GNFAC Avalanche Forecast for Wed Mar 16, 2011

Not the Current Forecast

Good morning. This is Doug Chabot with the Gallatin National Forest Avalanche Advisory issued on Wednesday, March 16, at 7:30 a.m. Yellowstone Club Community Foundation, in cooperation with the Friends of the Avalanche Center, sponsors today’s advisory. This advisory does not apply to operating ski areas 

Mountain Weather

In the last 24 hours 16 inches of snow has fallen in the southern Madison Range and a foot near Cooke City. Moonlight Basin received seven inches while two to three inches fell in Hyalite and the Bridger Range. The storm is not done. Westerly winds are averaging 20-30 mph with gusts hitting 60 mph. Mountain temperatures are in the high 20s. Today I expect 8-12 inches in the southern mountains and 4-6 inches in the northern ranges as winds slightly abate and temperatures drop into the low 20s. 

Snowpack and Avalanche Discussion

The Bridger, the northern Madison and northern Gallatin Ranges:

Snowfall in the north has been sporadic.  At 6 a.m. seven inches has fallen around Lone Peak while the mountains around Bozeman got two to three inches so far. The wind was not so discretionary. It’s blowing strong everywhere. It’s quite possible to find natural avalanche activity today and I feel confident a skier or snowmobiler could trigger wind drifts. Without buried weak layers, avalanche activity will be confined to the last few days’ new snow. More snowfall and strong winds today are creating a CONSIDERABLE avalanche danger on all wind-loaded slopes and a MODERATE danger elsewhere.

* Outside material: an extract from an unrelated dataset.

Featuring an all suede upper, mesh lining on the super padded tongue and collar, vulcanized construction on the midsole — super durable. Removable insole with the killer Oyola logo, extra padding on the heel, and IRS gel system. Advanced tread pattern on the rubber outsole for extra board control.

The southern Madison and southern Gallatin Ranges, the Lionhead area near West Yellowstone, the mountains around Cooke City and the Washburn Range:

The southern mountains are getting fire hosed. Over two feet has fallen in 48 hours and it’s still snowing. The snow is not light powder either—its 10% density cream. This snowfall measures two inches of snow water equivalency—a lot of stress to be added in such a short period of time. Eric found faceted layers around Bacon Rind and Teepee Creek which will be straining to support this new load. Mark rode around Cooke City yesterday and saw a large avalanche on Republic Peak (photo), but no activity anywhere else. He also hunted for weak layers, but came up empty. Other than the facets Eric found, we have not seen widespread instabilities. The upper few feet of the snowpack is a hodgepodge of ball bearing graupel pellets, ice crusts underlying the new snow, and fluctuating densities in the storm snow. But the real driving force behind the rising avalanche danger is the heavy rate of snowfall and ripping winds. Large snow loads can stress even the strongest layers to their breaking point (video).

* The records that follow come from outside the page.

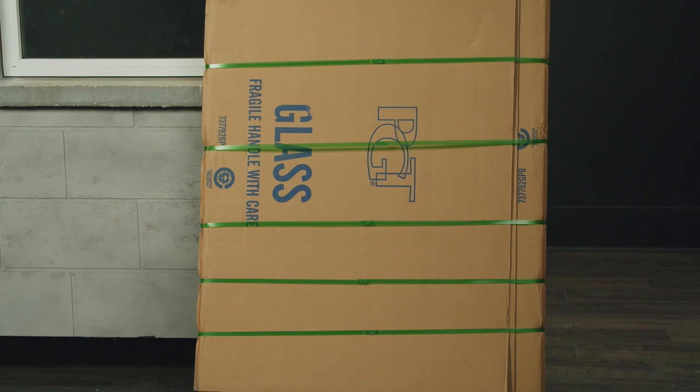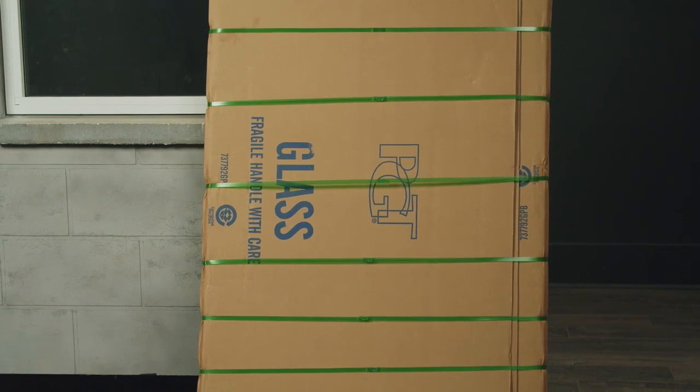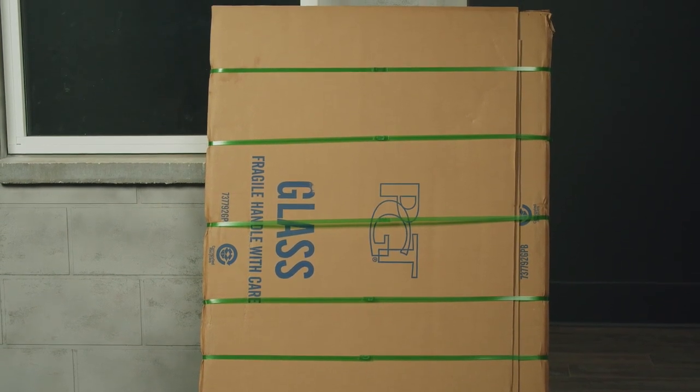Before performing any work on the window, unbox a piece of glass, ensure it is in good condition and it is the right size.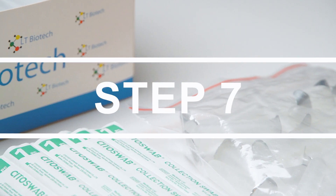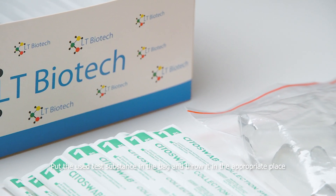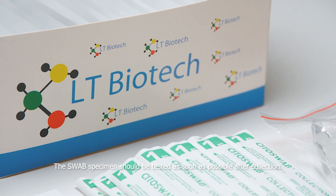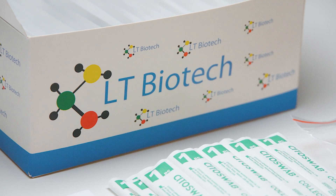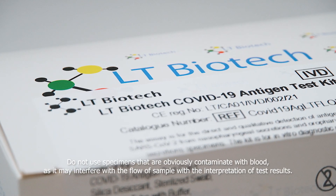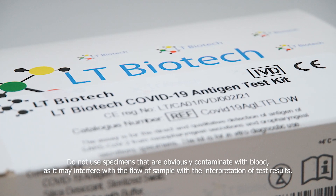Step 7. Put the used test substances in the bag and throw them in the appropriate place. Attention: the swab specimen should be tested as soon as possible after collection. Do not use specimens that are obviously contaminated with blood, as it may interfere with the flow of the sample and the interpretation of test results.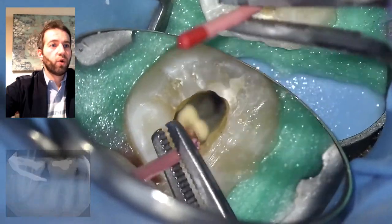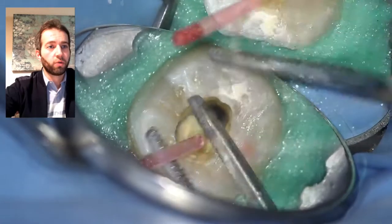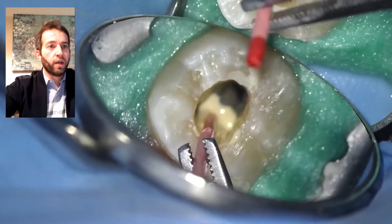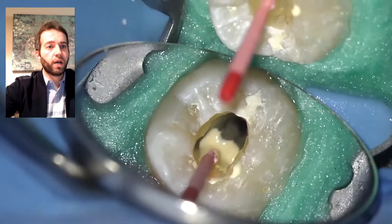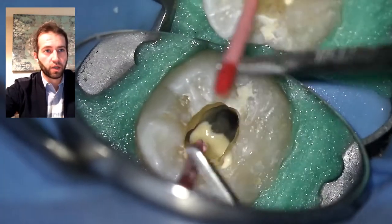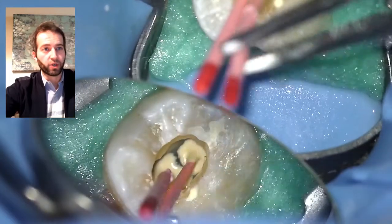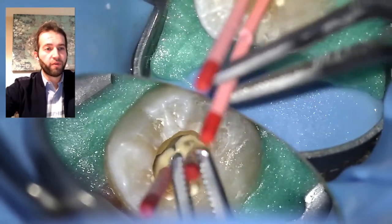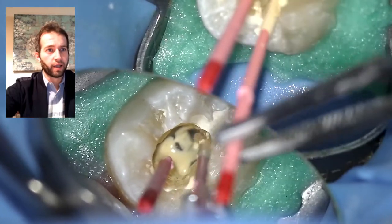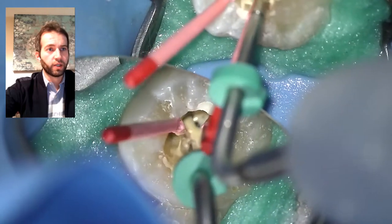Now I'm coating the four millimeters of sealer, going in a circular motion to make sure it's coating the entire canal. I add a little bit more sealer as needed, because sometimes when I take the cone out I see areas not covered. No pumping action at this point because you don't want excessive puff — a little is okay, but a lot I just don't like.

With winds gusting to 60 mph, two feet of new snow and more falling every hour, slopes will be unstable today and have a CONSIDERABLE avalanche danger.

Mark will issue the next advisory tomorrow morning at 7:30 a.m. If you have any snowpack or avalanche observations, drop us a line at mtavalanche@gmail.com or call us at 587-6984.

Avalanche Video Clip from Utah

http://youtu.be/1ynAm5Wao1I?hd=1 

This is a great clip of a snowmobiler triggering a slide on March 9th in the Uinta Mountains, UT. He hurt his leg, trashed his machine, but should recover fine.  Watching the clip a few things stand out:

1.    Small slopes can be dangerous, especially when slides push you into trees.

2.    His helmet cam shows how fast even a small slide accelerates.

3.    Partners watching from a safe zone are worth their weight in gold.